Justifying the research focus, the Senior Lecturer noted that poverty and access to healthcare were key in achieving the Sustainable Development Goals One and Three (SDGs 1 & 3), which aimed at ending poverty in all its forms and ensuring healthy lives, and promoting wellbeing for all at all ages.
Dr. Alatinga noted that the education, health, and economic wellbeing of these ‘Kayayee’ were important and should be addressed through targeted policies and programmes to avoid creating an intergenerational cycle of poverty among these unfortunate people.
He recommended to the Ministry of Gender, Children and Social Protection to identify adolescent girls who were engaged in ‘Kayayee' as a means to raising money to pay for their school fees and enrol them into the Free Senior High School (FSHS) policy.
He further recommended that the government enrolled all ‘Kayayee' onto the NHIS to increase their access to healthcare whereas the Ghana Health Service (GHS) and the Ministry of Health established specific healthcare facilities for these ‘Kayayee' to address the issue of discrimination.

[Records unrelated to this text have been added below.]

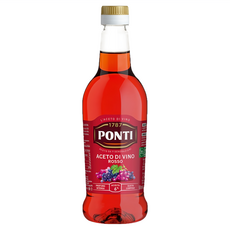 PONTI 紅酒醋, 500ml, 1瓶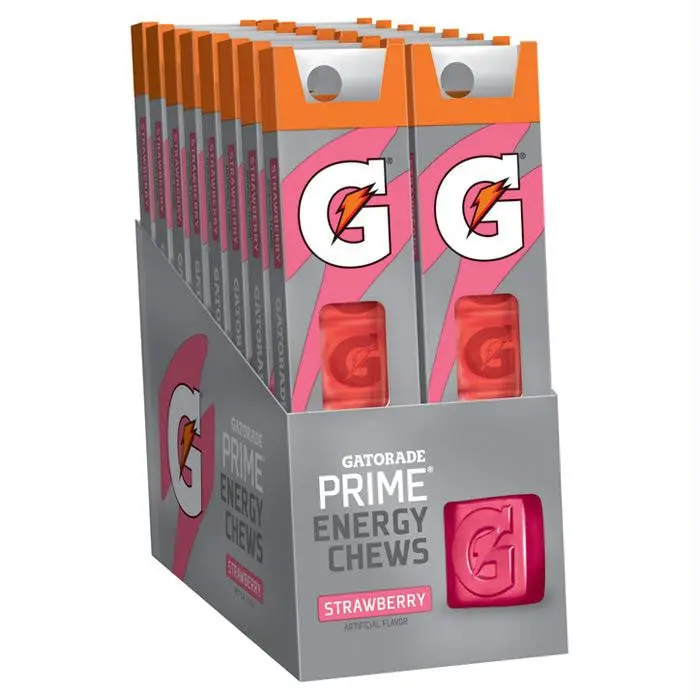 Gatorade Energy Chews – Strawberry Flavor 1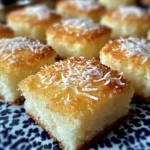 Portuguese Coconut Cakes
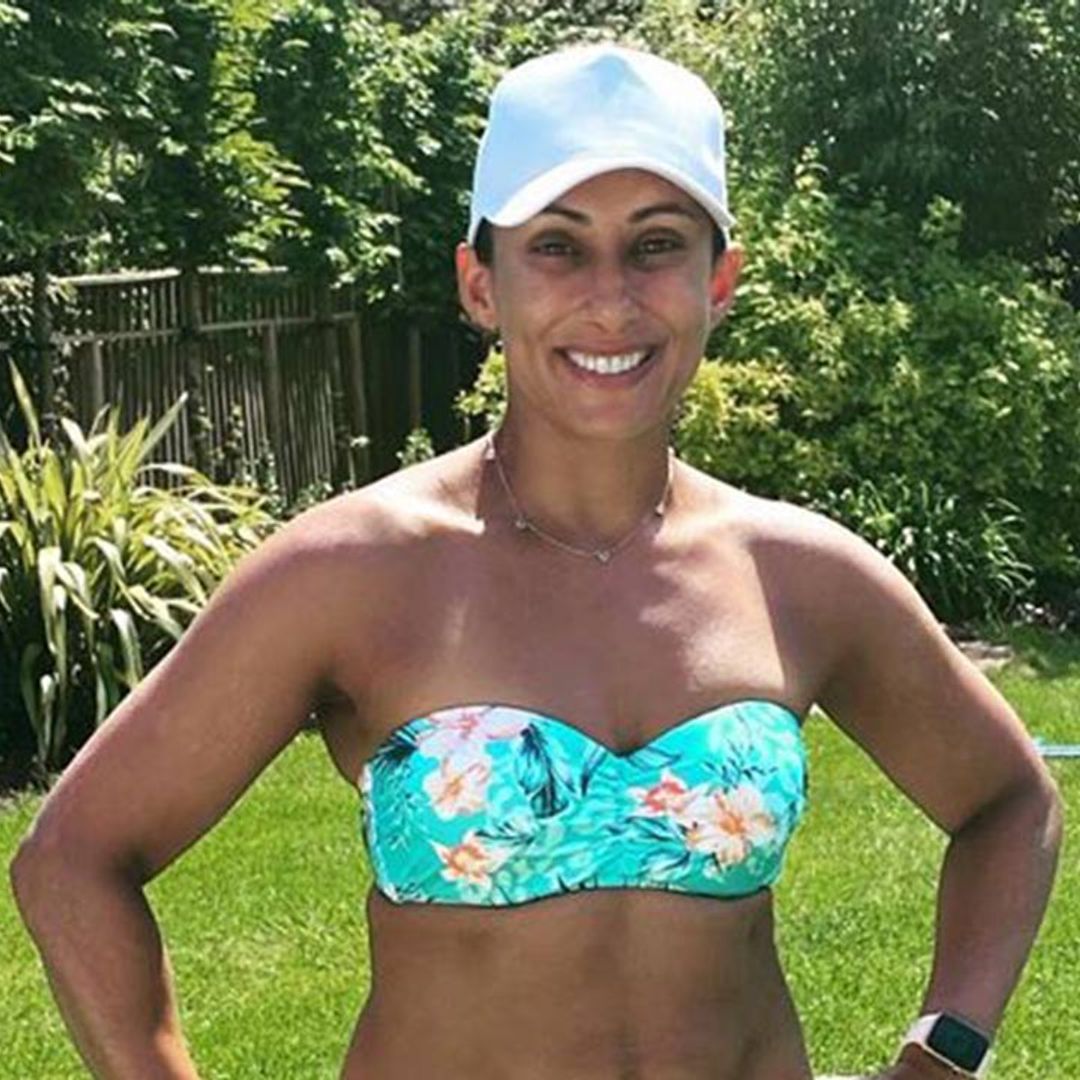 Saira Khan reveals impressively big garden – and it's perfect for summer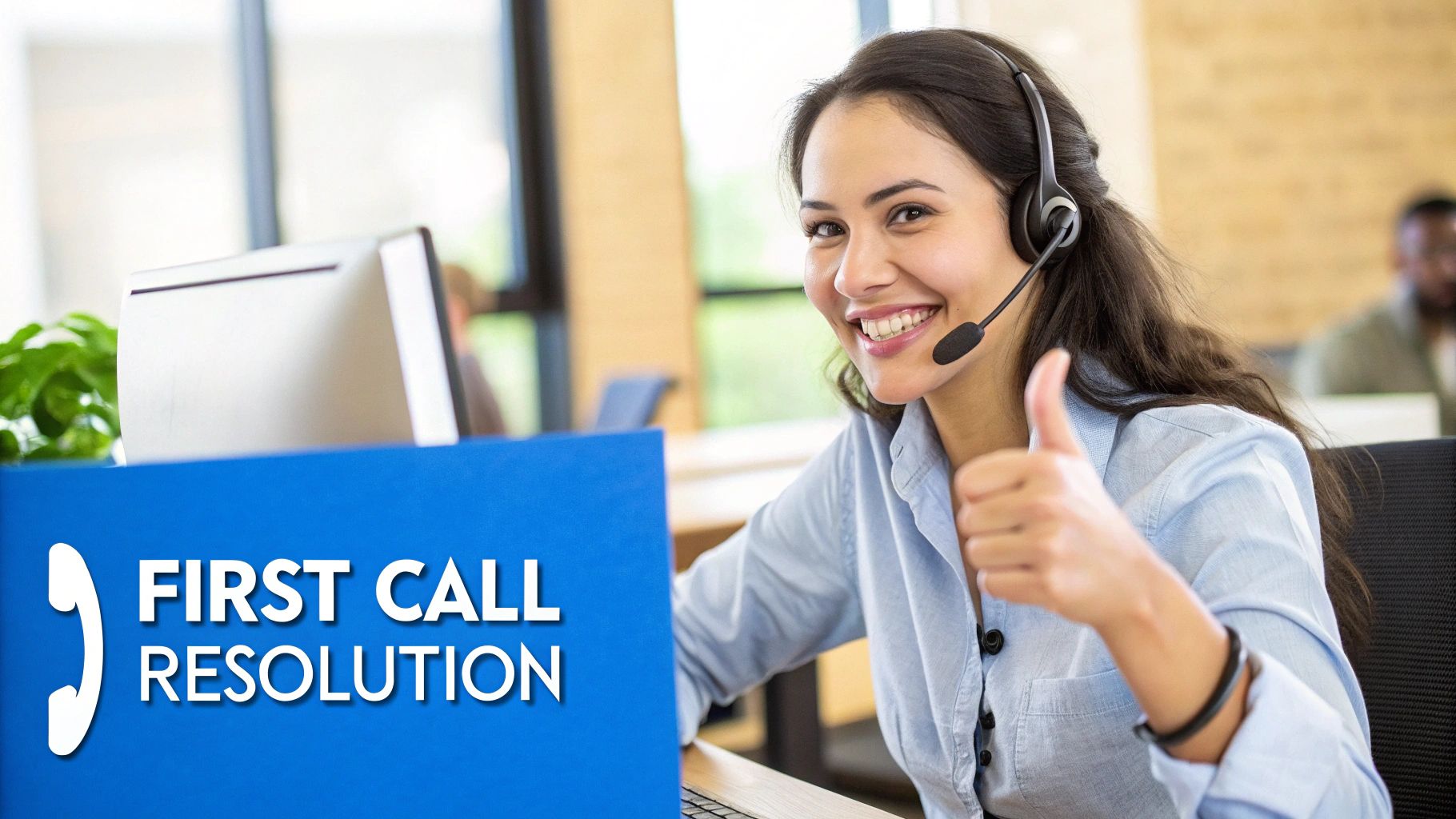 First Call Resolution (FCR)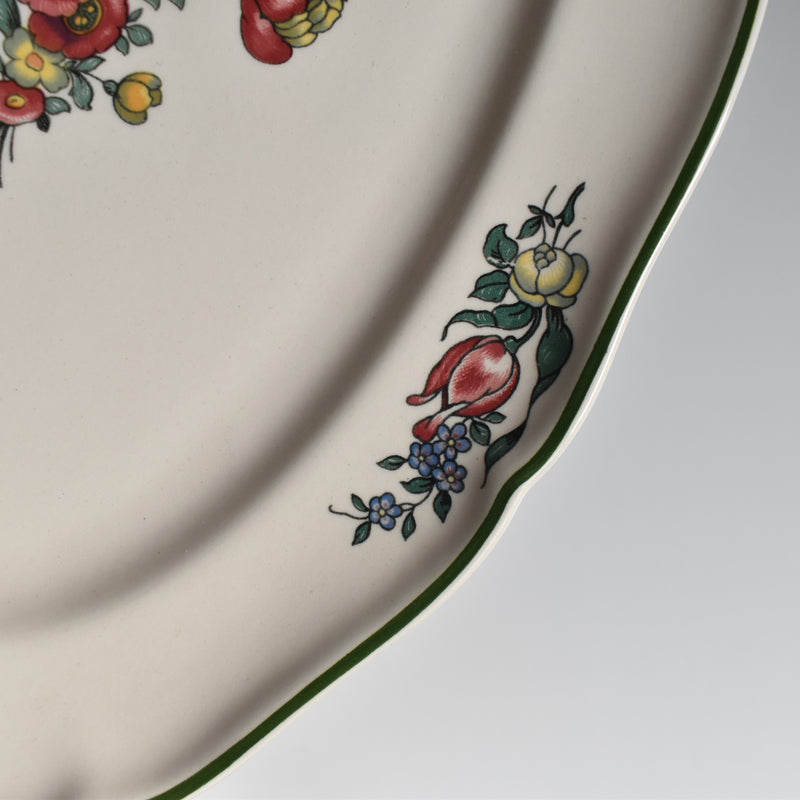 Vintage Oval Platter, Villeroy & Boch, Alt Strassburg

Dr. Alatinga also called on the government to bridge the north-south development gap by establishing relevant industries, factories and irrigation schemes to provide employment opportunities for all.
Prof. Paul Nkegbe, Dean, Faculty of Integrated Development Studies (FIDS), SDD-UBIDS, lauded the idea of the knowledge dissemination seminar and that one of the accusations against the academia was that “they do the research and shelve the results for them to continue to gather dust.”
According to him, the knowledge dissemination seminar presented an opportunity for research results to be disseminated and shared in a manner that all who were interested could have access to and use to promote development.